-- Directions --
Repeat the listing below in full and exactly, but without its pictures.

-- Supplied data --

------------------------------------------------

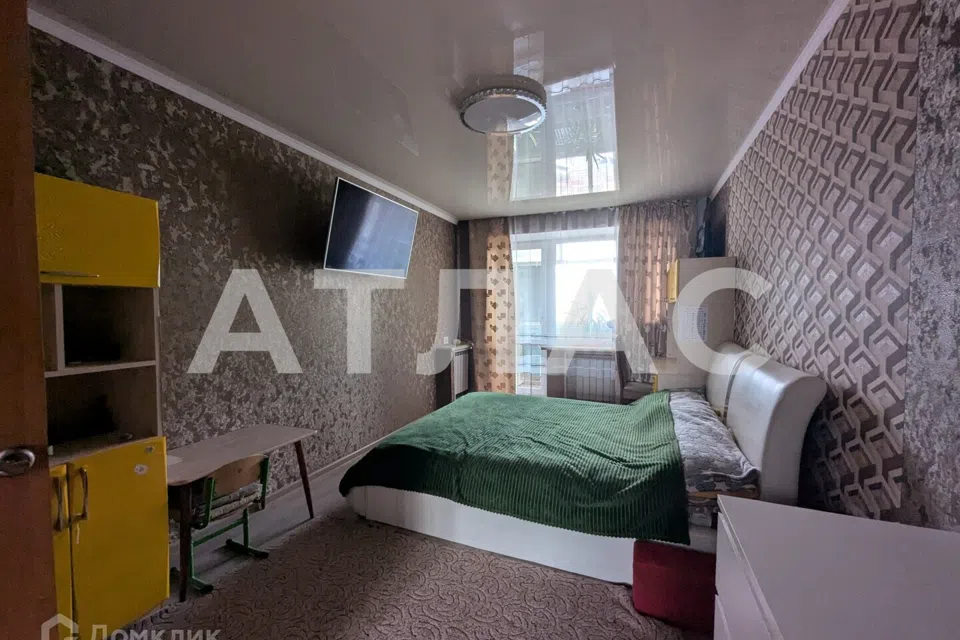 Продаётся 3-комнатная квартира, 78.8 м²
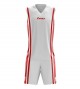 къси,панталони,детски,потници,баскетболни,потници,zeus,kit,bozo,basketball,jersey,+,shorts,2,pcs.,bianco,rosso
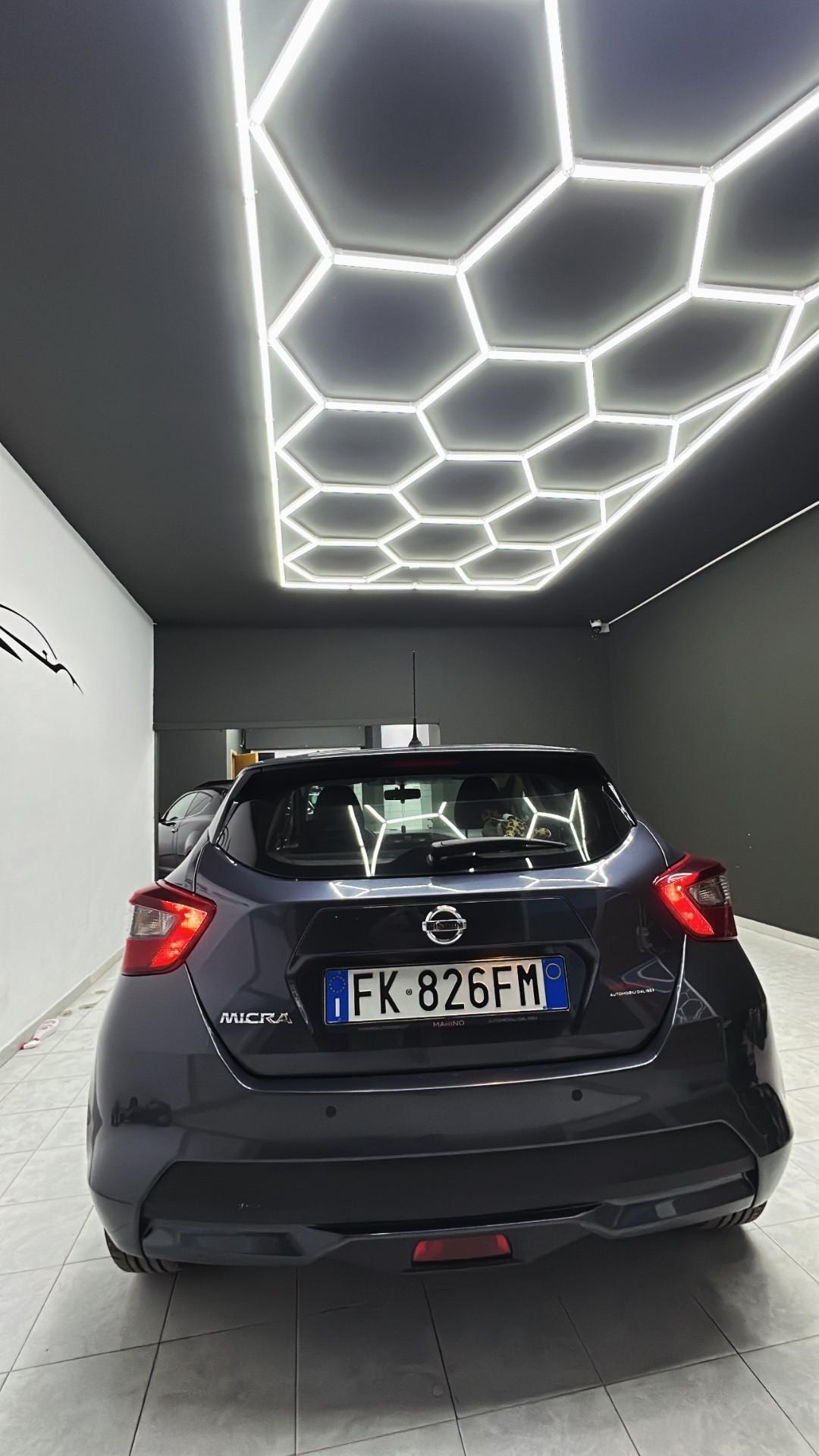 Nissan Micra 1.5 dCi 8V 5 porte Tekna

------------------------------------------------

-- Result of this task --
 Продаётся 3-комнатная квартира, 78.8 м²
 къси,панталони,детски,потници,баскетболни,потници,zeus,kit,bozo,basketball,jersey,+,shorts,2,pcs.,bianco,rosso
 Nissan Micra 1.5 dCi 8V 5 porte Tekna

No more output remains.